Infectious Disease Case Study Assignment
Retesting of clinically ill human cases and testing of horses p resenting with CANS disease In Long Island, NY revealed WAN as the cause of disease (Canals, Con eat, Etcetera, Walden, Sampson, 2000) . A total of 62 human cases of WAN were identified d during this outbreak, Including seven deaths. By extrapolation from a household based study It was estimated that the NYC WAN outbreak in 1999 caused around 8 200 asymptomatic info sections, causing disease in approximately 1 700 individuals.
This was the first evidence of WAN V activity In the Western Hemisphere (CDC, 1999).
During the first years of circulation In North America, WAN persistence over the winter r months was attributed to continued transmission during winter, overwriting of the virus in mosquitoes and vertical WAN transmission from Infected females to their offspring (Risen, Fang. Lothrop, Martinez, Wilson, O’Connor, 2006). WAN infection of migratory birds was suggested to contribute to the fast dissemination of WAN In North and South America. Nevertheless s. WAN amplified and extended its distribution across the lower 48 continental states and ha been declared endemic within 10 years of its introduction (Bernard, Kramer, 2001).
West Nile Virus is a concern because in the most rare and extreme cases It can cause a condition called encephalitis, which is irritation and swelling of the brain. 2. Season’s physician ordered serological tests. Describe how antibody titers would Help t he doctor in confirming her diagnosis. Serology Is ten study AT Immune Doodles In unman 01000. I nose Immune oodles are t he product of the defense mechanisms against disease causing organisms in the body.
The principle involved with serology is the antibody antigen response. The antigen actually comes first, in that the antigen is the substance e which “provokes” the body to produce antibodies.
The CDC has established multiple serological, Appeased, and viral isolation criteria for confirmation of West Nile virus infection (CDC, 2001): Criteria for Confirmation of West Nile Virus Infection > Isolation of West Nile virus from tissue, blood, SF, or other body fluid, or demonstrate action of West Nile viral antigen or genomic sequences > IGMP antibody to West Nile virus in SF as detected by MANACLES > At least a fourfold serial change in plaque deduction neutralizing antibody titer to West Nile virus in paired, appropriately timed (I. . , at least 14 days apart) serum or SF samples > West Nile virus-specific IGMP (by MAC ELISE) and Gig antibody (screened by ELISE and confirmed by plaque reduction neutralizing tests) in a single serum specimen 3. When Jason was feeling at his worst, he had extreme malaise, vomiting, and diarrhea.
What stage of the illness was he experiencing at that time? Explain the physiologic mechanic SMS that give rise to the signs and symptoms of infectious illness.
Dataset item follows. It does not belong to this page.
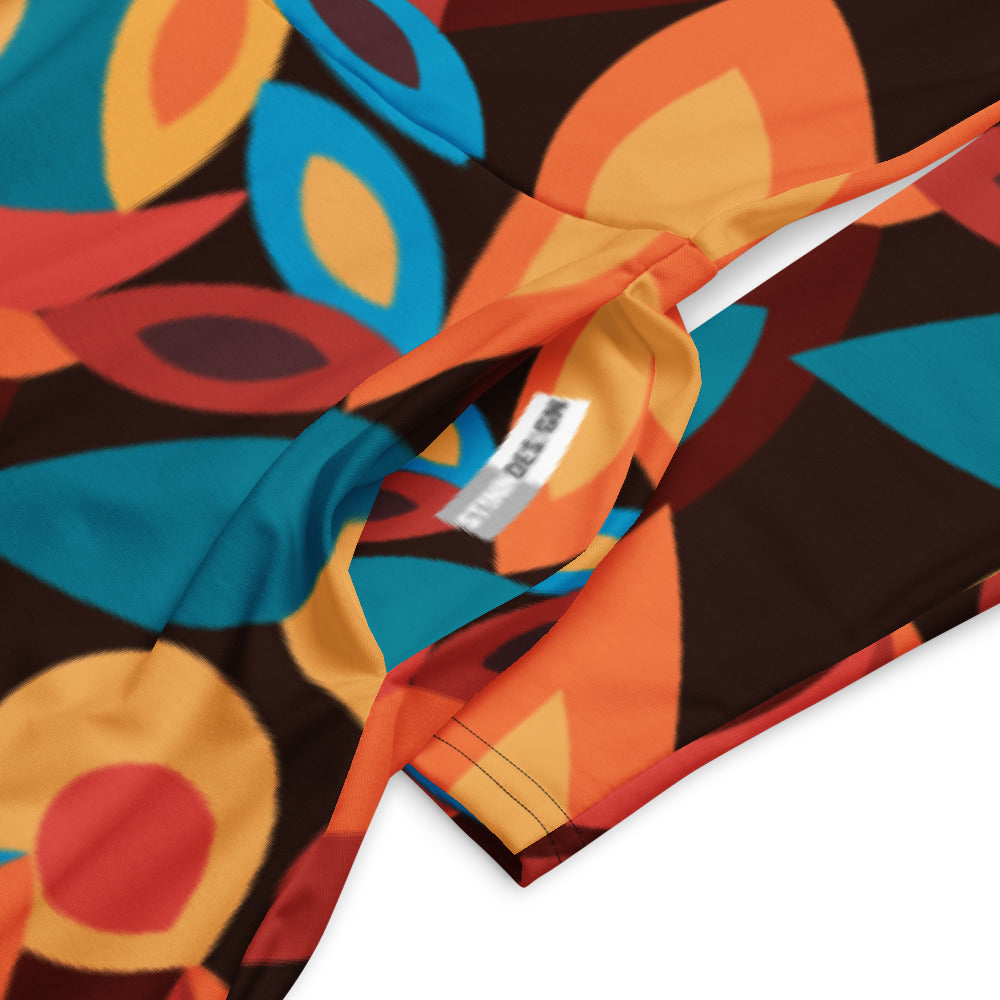 All-over print long sleeve midi dress 323kl1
The incubation period for WAN disease is typically 2 to 6 days but ranges from 2 to 14 days and can be several weeks in miscomprehended people. An estimated 7080% of human WAN infections are substantial or asymptomatic. Most symptomatic persons such as Jason experience an acute systemic febrile illness that often includes headache, weakness, malign, or arthritis; gastrointestinal symptoms and a transient macromolecular rash (CDC, 2015). 4. West Nile virus has a single stranded RNA genome.
Explain how this virus is able to replicate.
West Nile virus (WNV) is a mosquito-borne flavivirus that was first identified in the West Nile subregion of Uganda in 1937 (Rosen, 2000). Since being introduced into the United States in 1999, WNV has caused significant outbreaks of neurological disease across North America (Petersen & Marfin, 2002). This paper will examine several case studies of WNV infection identified during outbreaks in New York in 1999 and subsequent years to illustrate the epidemiology, clinical presentation, diagnosis, and management of this emerging infectious disease.
Outbreak in New York, 1999
The initial WNV outbreak in the United States began in New York City in 1999. Retesting of clinically ill human cases and testing of horses presenting with encephalitis in Long Island, NY revealed WNV as the cause of disease (Canals et al., 2000). A total of 62 human cases of WNV were identified during this outbreak, including seven deaths. Household-based studies estimated that the 1999 NYC WNV outbreak caused around 8,200 asymptomatic infections, resulting in clinical illness in approximately 1,700 individuals (CDC, 1999). This provided the first evidence of WNV activity in the Western Hemisphere.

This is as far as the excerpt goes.